Sebelum itu, pada akhir tahun okupansi hotel di Kota Bandung masih berada di angka 40 persen. Namun Kepala Disbudpar Kota Bandung Dewi Kenny Kaniasari menyebut penurunan okupansi tersebut masih terbilang wajar.
"Wajar karena tidak hanya di Kota Bandung saja, PSBB ini kan Jawa-Bali. Mungkin orang bepergian juga berkurang kembali," kata Kenny.
Keadaan yang sama sulitnya juga dihadapai perhotelan di Yogyakarta. Puluhan hotel mulai berguguran dan terancam bangkrut. Ngos-ngosan menanggung beban operasional di tengah sepinya okupansi, bahkan membuat pengusaha mulai menjual hotel dan restoran mereka via online.
Ketua PHRI Yogyakarta, Deddy Pranowo Eryono, mengatakan saat ini sudah 50 hotel dan restoran yang tutup lantaran tak kuat menanggung beban operasional. Kondisi itu, kata Deddy, semakin sulit lantaran mereka memang sudah berupaya menambal biaya operasional sejak 10 tahun terakhir.
"171 hotel dan resto masih beroperasi terengah-engah. Yang 100-an memang memutuskan tidak beroperasi tapi menunggu COVID-19 ini. Yang 50 menyatakan mati," katanya kepada kumparan, Rabu (3/2).
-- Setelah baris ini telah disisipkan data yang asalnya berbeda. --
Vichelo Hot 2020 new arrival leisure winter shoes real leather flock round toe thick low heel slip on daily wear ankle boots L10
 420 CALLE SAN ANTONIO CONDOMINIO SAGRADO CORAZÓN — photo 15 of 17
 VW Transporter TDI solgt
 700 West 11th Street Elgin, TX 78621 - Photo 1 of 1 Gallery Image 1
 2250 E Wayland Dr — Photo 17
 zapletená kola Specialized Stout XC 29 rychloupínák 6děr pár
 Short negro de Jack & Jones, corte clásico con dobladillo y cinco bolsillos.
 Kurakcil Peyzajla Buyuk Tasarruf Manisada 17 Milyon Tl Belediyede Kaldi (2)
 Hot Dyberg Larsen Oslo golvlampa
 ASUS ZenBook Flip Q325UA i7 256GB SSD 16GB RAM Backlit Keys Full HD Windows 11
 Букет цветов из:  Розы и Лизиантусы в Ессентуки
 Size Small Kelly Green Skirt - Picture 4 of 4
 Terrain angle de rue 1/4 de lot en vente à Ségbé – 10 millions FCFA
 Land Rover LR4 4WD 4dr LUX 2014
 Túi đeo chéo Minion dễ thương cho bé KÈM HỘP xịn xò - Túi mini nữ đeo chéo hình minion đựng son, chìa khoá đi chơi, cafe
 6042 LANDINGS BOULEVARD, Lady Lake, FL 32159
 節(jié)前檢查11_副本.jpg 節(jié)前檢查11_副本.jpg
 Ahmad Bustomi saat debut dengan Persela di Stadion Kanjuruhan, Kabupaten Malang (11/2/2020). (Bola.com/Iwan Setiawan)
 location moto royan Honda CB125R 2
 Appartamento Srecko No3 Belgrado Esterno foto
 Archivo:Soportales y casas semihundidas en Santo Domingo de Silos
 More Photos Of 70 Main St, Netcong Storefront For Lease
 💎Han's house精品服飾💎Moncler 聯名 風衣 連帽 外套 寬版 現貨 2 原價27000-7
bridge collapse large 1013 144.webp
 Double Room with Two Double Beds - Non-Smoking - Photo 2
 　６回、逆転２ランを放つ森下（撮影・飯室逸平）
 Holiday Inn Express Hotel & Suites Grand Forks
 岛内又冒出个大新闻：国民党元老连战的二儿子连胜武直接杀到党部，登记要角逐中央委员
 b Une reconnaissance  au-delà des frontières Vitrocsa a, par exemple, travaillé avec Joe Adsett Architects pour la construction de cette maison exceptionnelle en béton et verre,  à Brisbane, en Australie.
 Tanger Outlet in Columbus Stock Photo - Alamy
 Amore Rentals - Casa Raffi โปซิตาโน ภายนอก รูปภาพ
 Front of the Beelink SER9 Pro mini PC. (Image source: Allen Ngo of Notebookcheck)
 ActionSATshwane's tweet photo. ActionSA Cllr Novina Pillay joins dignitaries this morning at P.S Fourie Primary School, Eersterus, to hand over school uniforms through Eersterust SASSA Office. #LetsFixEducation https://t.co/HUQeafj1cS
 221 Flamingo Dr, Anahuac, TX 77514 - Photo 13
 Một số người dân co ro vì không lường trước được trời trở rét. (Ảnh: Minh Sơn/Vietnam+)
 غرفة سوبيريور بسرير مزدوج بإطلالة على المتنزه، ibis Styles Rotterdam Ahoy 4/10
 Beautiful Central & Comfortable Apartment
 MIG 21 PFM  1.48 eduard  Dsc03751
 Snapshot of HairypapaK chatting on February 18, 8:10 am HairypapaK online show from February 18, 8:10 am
Berdasarkan hasil penelusuran PHRI Yogyakarta, diketahui sejumlah hotel sudah mulai ditawarkan lewat marketplace. Ini dilakukan untuk mendapatkan dana membayar gaji hingga pesangon karyawan.
"Mereka menyatakan sudah tidak kuat karena beban operasionalnya tinggi. Biaya disinfektan harus continue, PLN, gaji karyawan, BPJS, pajak. Ini yang memberatkan mereka, jalan satu-satunya ya menawarkan," jelasnya.
Tak cuma hotel dan restoran, ribuan kos-kosan di Yogyakarta juga sudah mulai ditawarkan via online. Bisnis penyewaan kamar ini dijual dengan harga dari Rp 1 miliar sampai Rp 12 miliar.
Kondisi ini terjadi lantaran kian tergerusnya tingkat hunian kos. Sebagian mahasiswa yang menempuh pendidikan di sana, juga telah lama pulang ke daerah masing-masing.